People often ask why we're taking on slaughter last since each animal must be slaughtered before butchering can happen. The answer is pretty easy once you do the math. It costs the least to build the meat cutting portion of the facility, the butchering room, while the butchering process costs the most to hire out. This means that by taking on butchering first we get the fastest and greatest return on investment (ROI) of time and money. Slaughter, on the other hand, is the cheapest part of the process and ironically the most expensive part to build here, yielding the longest time to recoup our costs. Sausage making, smoking and brines/cures/corning fall somewhere in between but much closer to butcher than slaughter for ROI. Thus it made sense to take on butchering first as it is the most expensive to hire and least expensive to build a portion of the project. This then lets us fund the next steps of the Butcher Shop at Sugar Mountain Farm.

Tell us about recipe development in the butcher shop!

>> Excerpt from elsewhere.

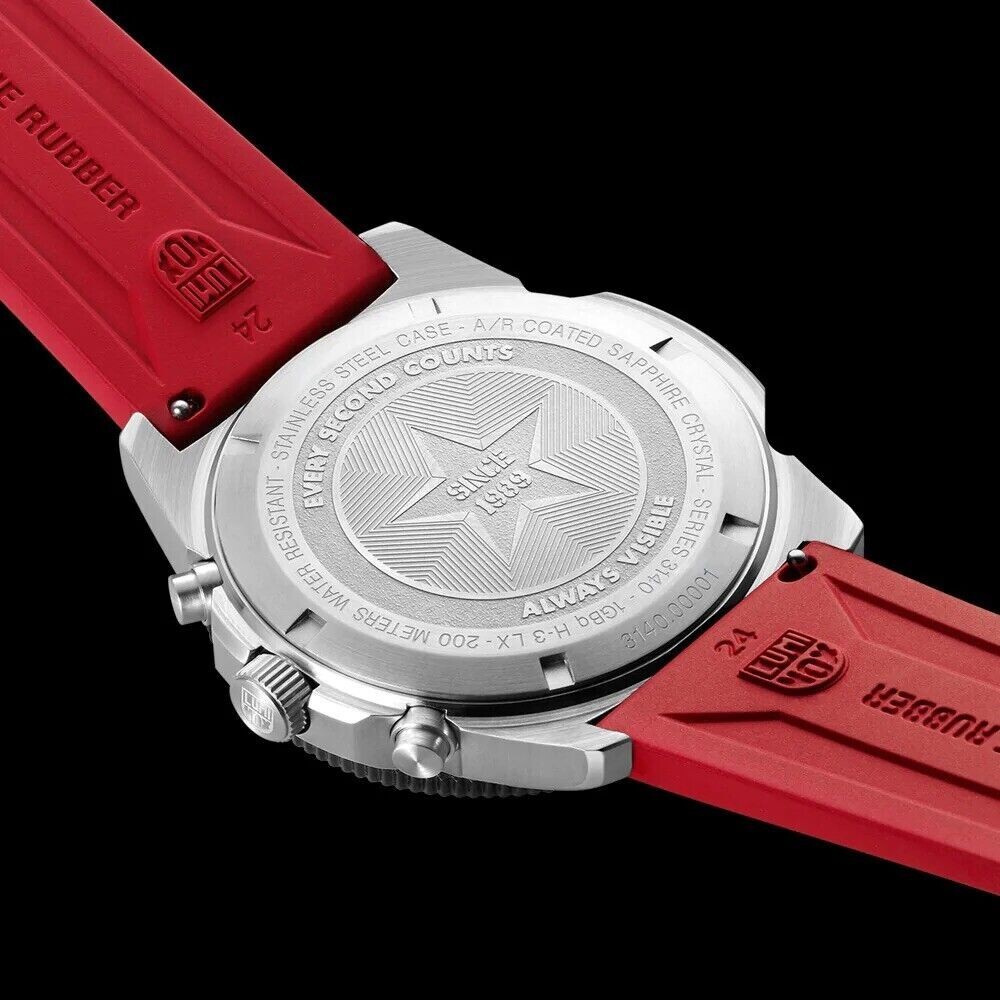 Pre-owned Luminox Pacific Diver Xs.3155 Chrono 44mm Red Rubber Steel Men's Swiss Watch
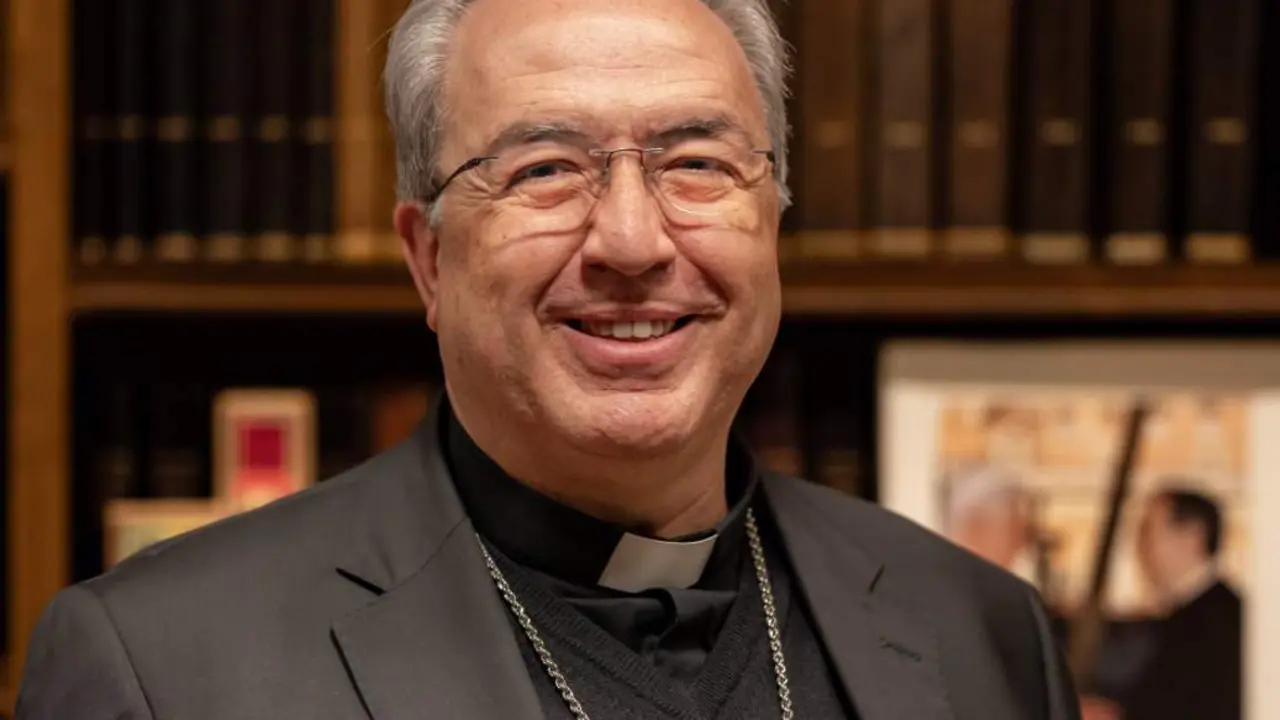  El secretario general de la Conferencia Episcopal Espa&ntilde;ola, Francisco C&eacute;sar Garc&iacute;a Mag&aacute;n, durante una entrevista para Europa Press, a 20 de diciembre de 2023, en Madrid (Espa&ntilde;a). - Diego Radam&eacute;s - Europa Press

We added corned pork this year at St Patrick's day. Corned Pork is actually the original Irish dish that predates Corned Beef. I had been making it for decades for our own family and it was a big hit when we introduced it to the market this year. I don't know of any other maker of commercial corn pork so that may be a unique product to our farm.

I love to cook. I learned to cook from my parents and passed that on to my kids. We love experimenting with food dishes, adjusting spices, cooking times, techniques to improve food. This naturally carries over to the butcher shop for our sausage recipes, corned pork and soon our line of homemade bacons. I'm on my 52nd batch of bacon as we speak. I combine art with science. Systematically testing combinations of ingredients, techniques, cooking methods and cuts to produce the best quality products that I love, my family loves and customers love. It works.

This interview has been lightly edited for brevity and clarity.